Stand der Digitalisierung bei Versicherern und Brokern in der Schweiz

13. August 2021 | Aktuell
Papierloses Büro

Digitale Lösungen wie Apps existieren in jeder Lebenslage, für kontaktloses Bestellen, Liefern, Bezahlen, Kommunizieren, Bilden, Spielen, usw. Die Liste ist sehr lang. Bereits kleinste Firmen und Geschäfte verfügen über eine perfekte Applikation. Sieht man sich jedoch bei Broker*innen und Versicherern um, zeigt sich, dass oft erst die Versicherer den Nutzen von Apps erkannt haben.

Eine Studie der Beratungsfirma Ernst & Young aus dem Jahr 2016 prognostiziert, dass bis 2030 fast die Hälfte, nämlich 45 Prozent der Versicherungen, aus dem Schweizer Markt verschwinden werden.
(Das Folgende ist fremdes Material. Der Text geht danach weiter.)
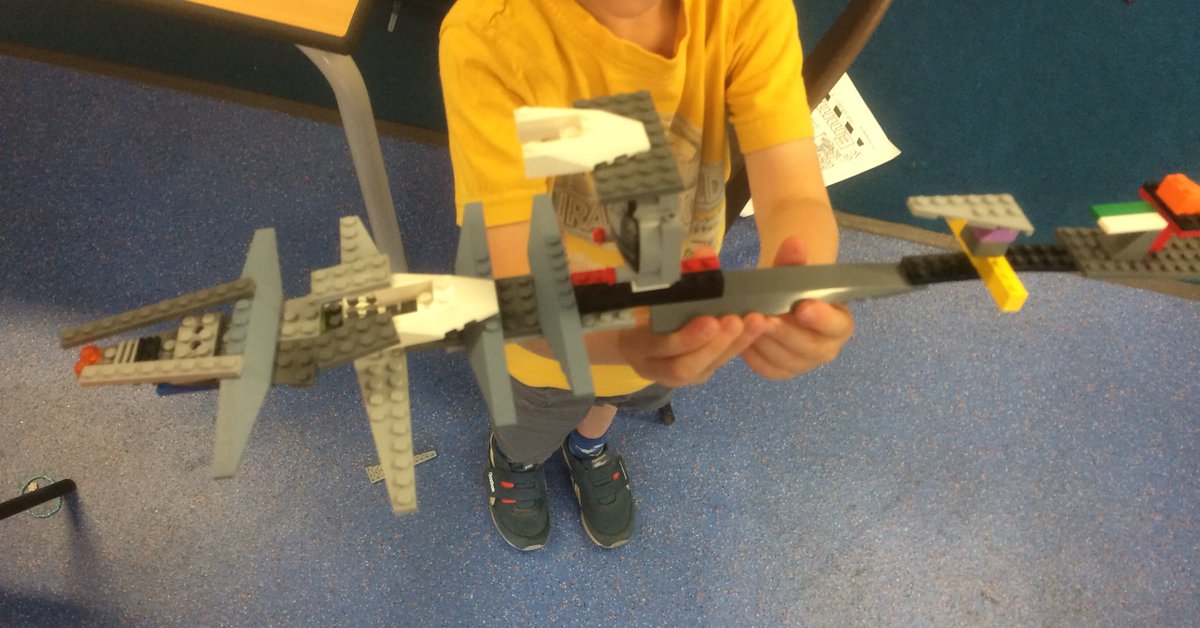 Lego Party tweet media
Deshalb steigt der Druck auf die Anbieter*innen noch kundenfreundlicher und innovativer zu sein. Während die meisten Branchen bereits umgestellt haben, hinken vor allem viele Broker, aber auch Versicherer, noch immer der Digitalisierung hinterher. Ein Fehler von existenzieller Bedeutung.

Ein Blick zurück in noch gar nicht so ferne Zeiten zeigt, dass erst das iPhone von Apple im Jahre 2007 und später die Android-Mobil- und Smartphones die Entwicklung und professionelle Installation von Apps ermöglichten. Die beliebteste Gratis-iPhone-App 2020 war die von SwissCovid (Herausgeberin ist das Bundesamt für Gesundheit BAG), gefolgt von TikTokWatsAppZOOM Cloud MeetingsMicrosoft TeamsInstagramYouTubeGoogle MapsSpotify und Widgetsmith. Die SwissCovid App wurde bisher 2,81 Millionen Mal heruntergeladen.

Circa 40 Prozent aller Web-Aufrufe in der Schweiz erfolgten im vergangenen Jahr über mobile Endgeräte, hauptsächlich Smartphones. Android-Geräte nahmen dabei einen Marktanteil von 51,2 Prozent ein, Apple-Geräte 46,7 Prozent und der Bedarf sowie das Potenzial für mobile Apps ist weiter am Steigen.

ONE und wefox: Mit Algorithmen und Chatbots

ONE war im Februar 2018 Europas erster digitaler Versicherer. Nutzer in Deutschland konnten per Smartphone in wenigen Minuten Hausrats- und Haftpflichtversicherungen abschliessen. Hinter dem Startup steht das Insurtech-Unternehmen wefox. Sie warben damit, dass sie bereits nach 60 Sekunden den Schadenfall abschliessen und das Geld auf das Konto des Kunden überweisen würden. Dabei verfolgen sie, unter anderem mit Algorithmen und Chatbots, den gleichen Ansatz wie die Zurich Gruppe, wo bei der Schadensbearbeitung in Tests bereits seit 2017 der Einsatz von Software-Robotern die Bearbeitungszeit von einer Stunde auf fünf Sekunden reduziert wurde. Allein in der Testphase konnte der Versicherer so 40’000 Arbeitsstunden einsparen.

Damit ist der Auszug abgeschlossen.